-- Given records follows --

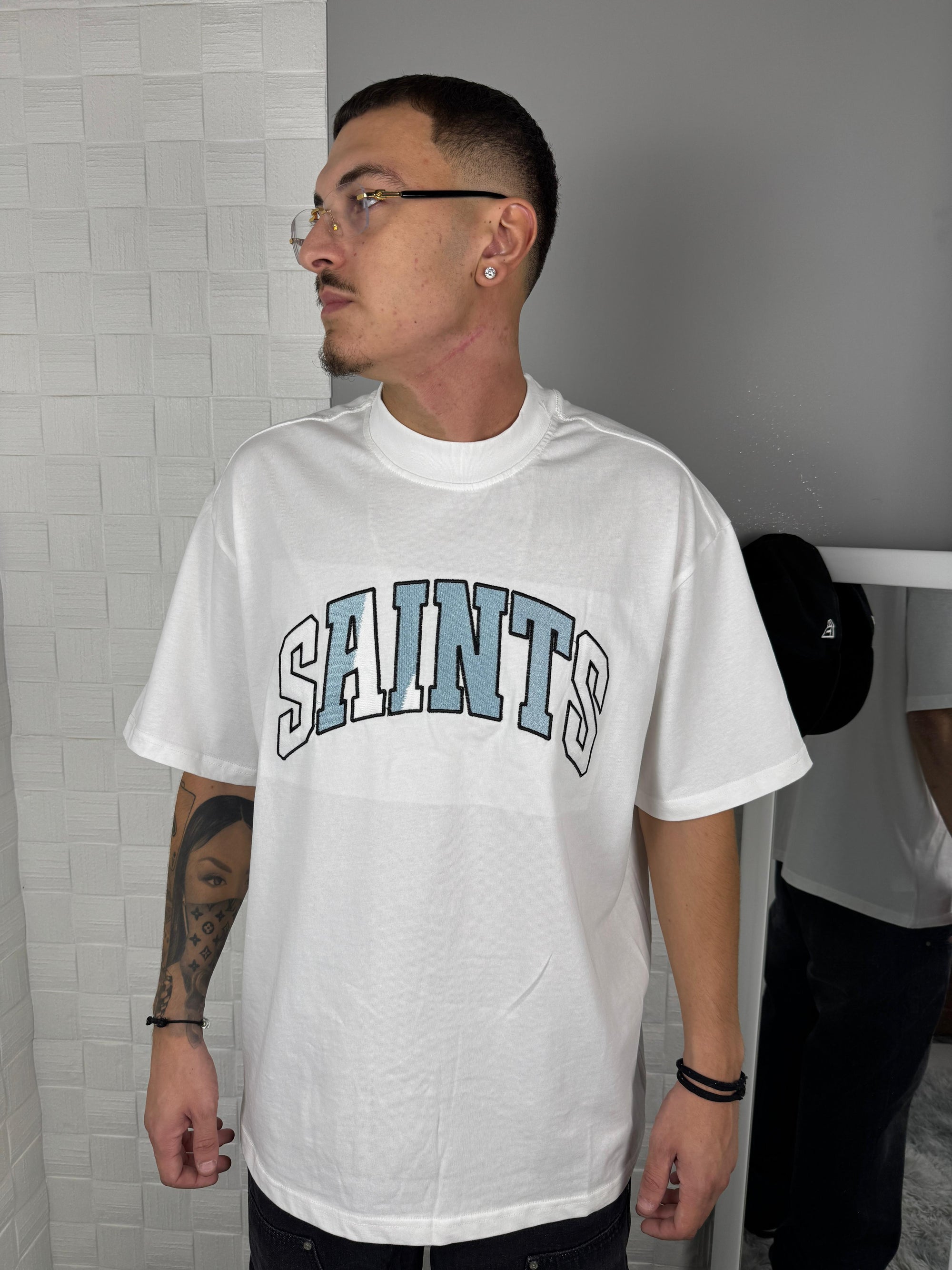 T-SHIRT SAINTS WHITE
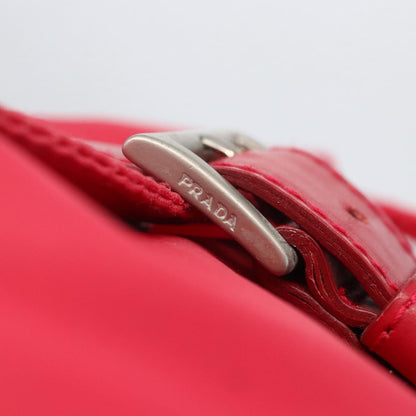 Prada Front Pocket Backpack Tessuto, PINK, NYLON, Backpack
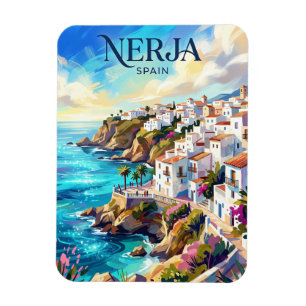 Nerja Spanje Magneet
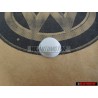 Original VW Cover Cap For Bolt Ermine (White) - 311867169 90X
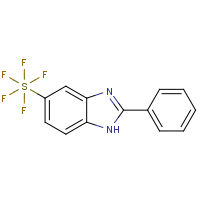 CAS:1379811-95-6 | PC405542 | 2-Phenyl-5-(pentafluorosulfanyl)-1H-benzoimidazole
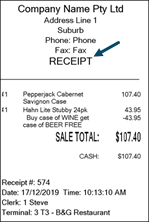 Receipt Printer (Work in progress)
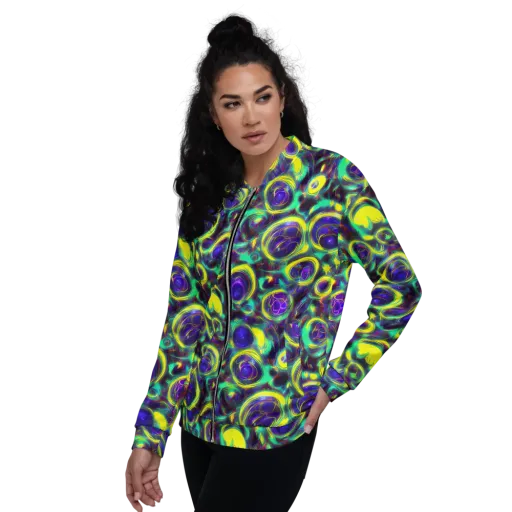 The Electric Eye on a Bomber Jacket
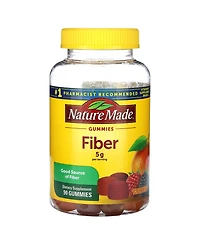 Nature Made Fiber Gummies Orange & Mixed Berry
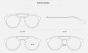Kapten & Son sunglasses - Fitzroy Matt Black Blue Mirrored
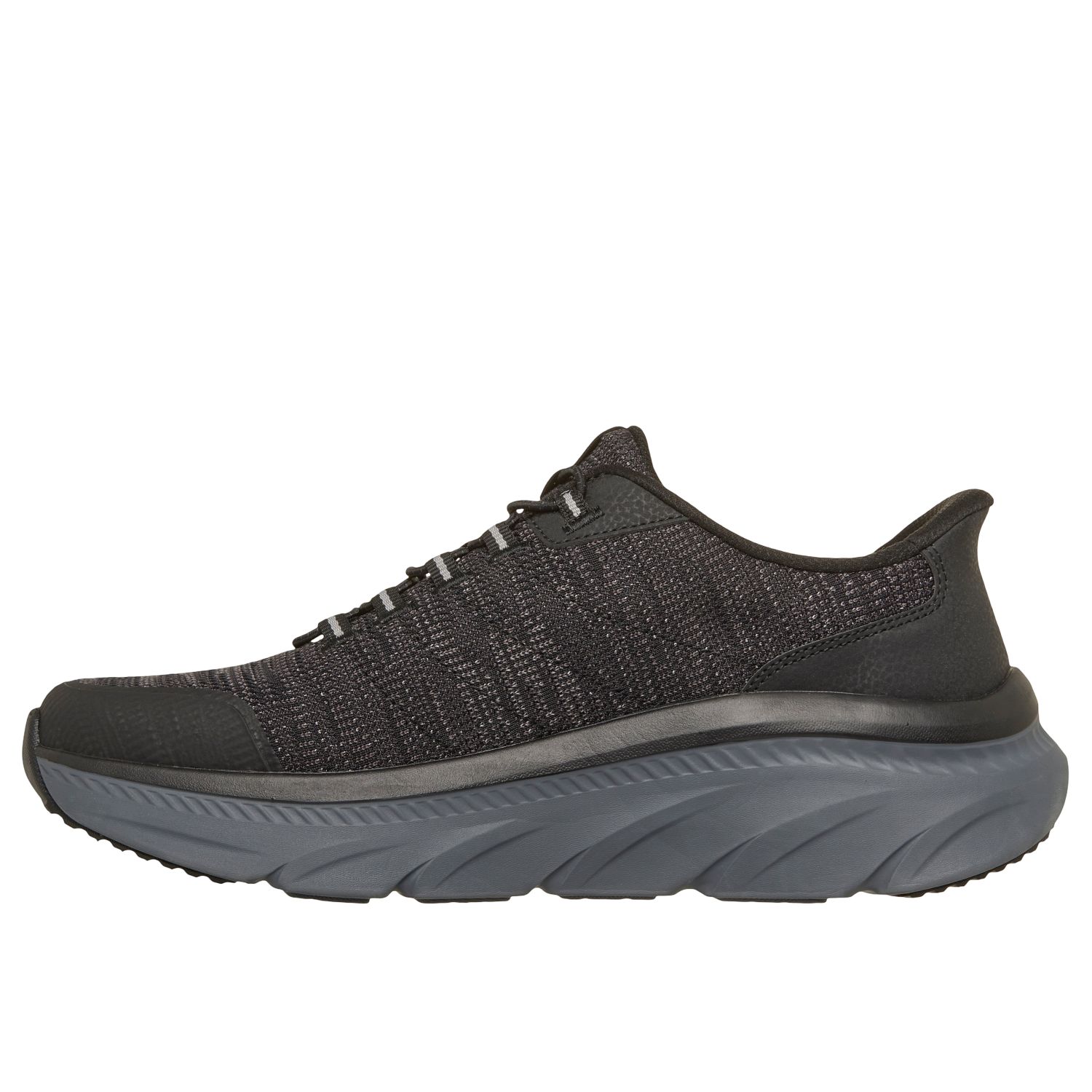 Skechers D'lux Walker 3.0 - Drevven, Utomhusskor, Herr, Svart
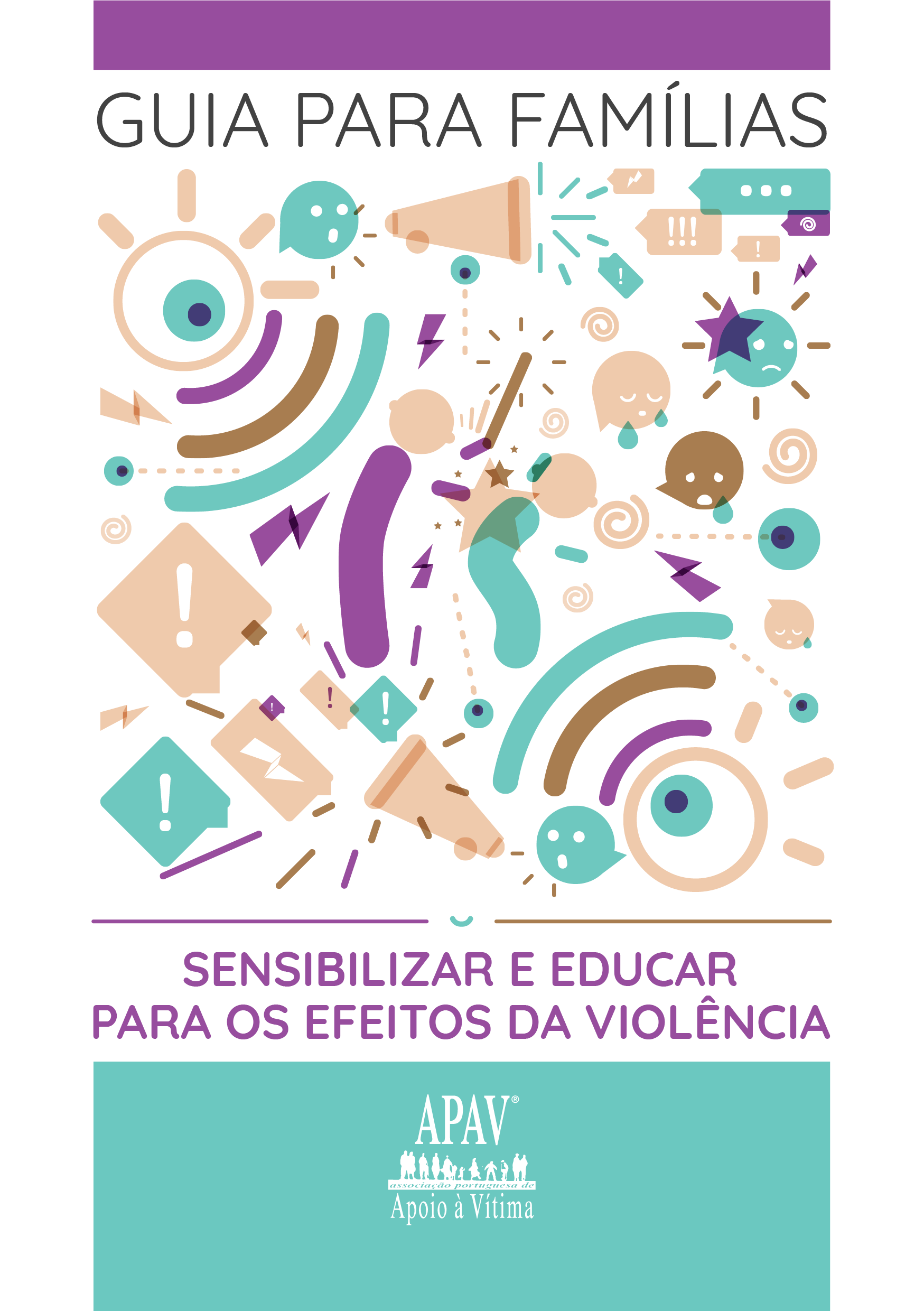 Guia Familias Sensibilizar Educar Efeitos Violencia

-- Given records concluded --

Assignment: Above are records with pictures; repeat the records exactly and leave the pictures out.

Task answer:
 T-SHIRT SAINTS WHITE
 Prada Front Pocket Backpack Tessuto, PINK, NYLON, Backpack
 Nerja Spanje Magneet
 Original VW Cover Cap For Bolt Ermine (White) - 311867169 90X
 CAS:1379811-95-6 | PC405542 | 2-Phenyl-5-(pentafluorosulfanyl)-1H-benzoimidazole
 Receipt Printer (Work in progress)
 The Electric Eye on a Bomber Jacket
 Nature Made Fiber Gummies Orange & Mixed Berry
Kapten & Son sunglasses - Fitzroy Matt Black Blue Mirrored
 Skechers D'lux Walker 3.0 - Drevven, Utomhusskor, Herr, Svart
 Guia Familias Sensibilizar Educar Efeitos Violencia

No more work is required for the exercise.